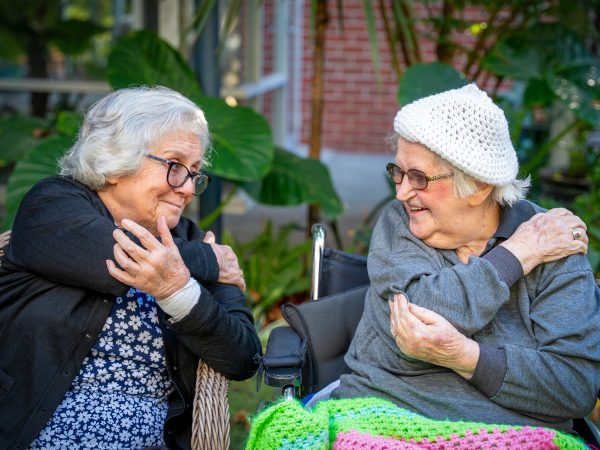 BAPTCARE WESTHAVEN two residents smiling doing stretching exercises in chairs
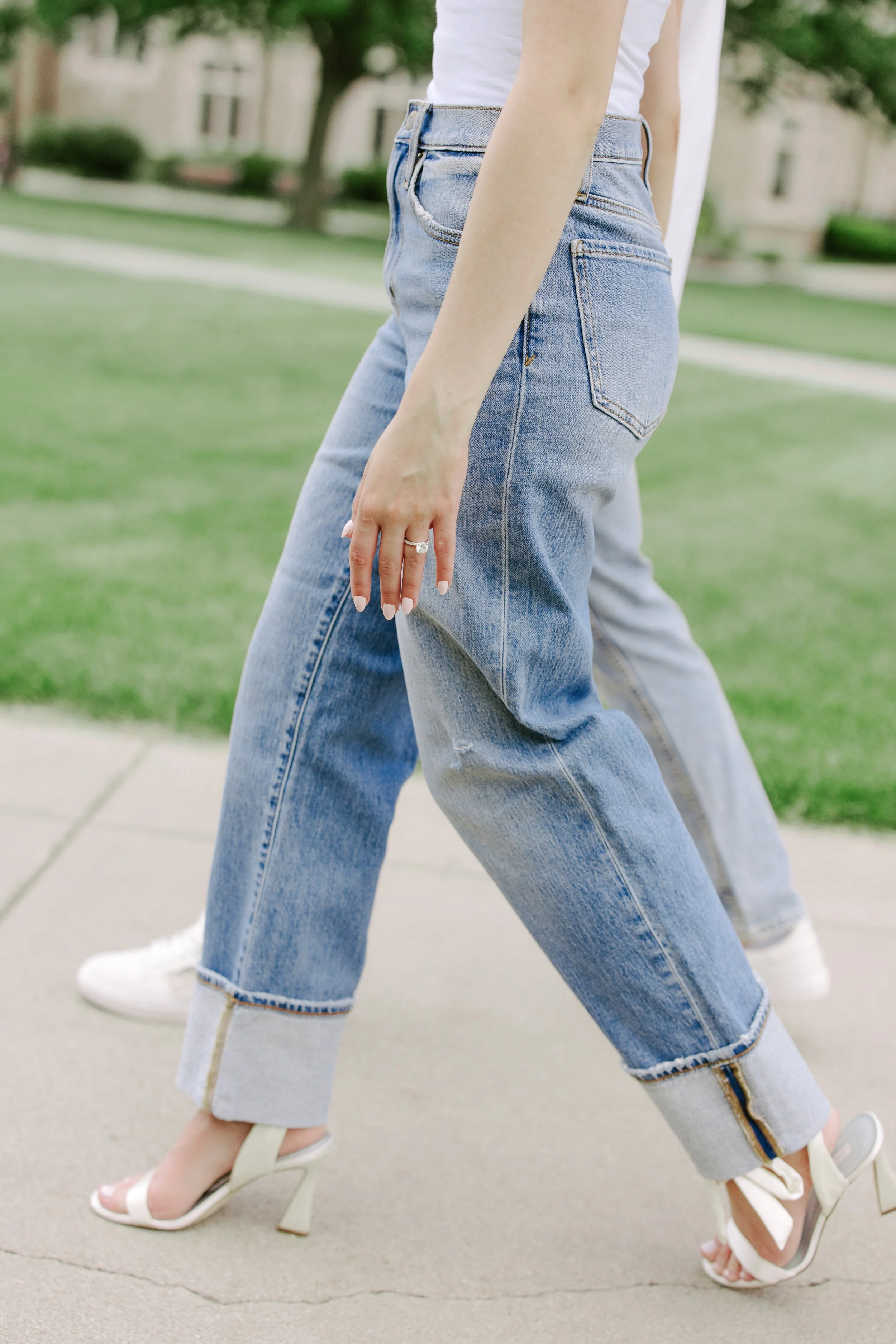 Two women wearing light blue jeans and high heels walking outdoors on a concrete sidewalk with grass and trees in the background.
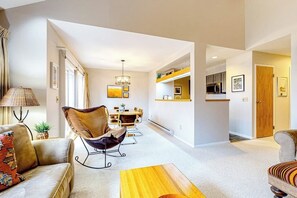 Ein modernes Wohnzimmer mit einer Couch, einem Sessel, einem Couchtisch und einer Essecke mit Tisch und Stühlen.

Exercise directions: Each line from the one containing "Two women wearing" to the final line of the data must be printed exactly, both included, with nothing else and no pictures.

Task output:
 Two women wearing light blue jeans and high heels walking outdoors on a concrete sidewalk with grass and trees in the background.
 Ein modernes Wohnzimmer mit einer Couch, einem Sessel, einem Couchtisch und einer Essecke mit Tisch und Stühlen.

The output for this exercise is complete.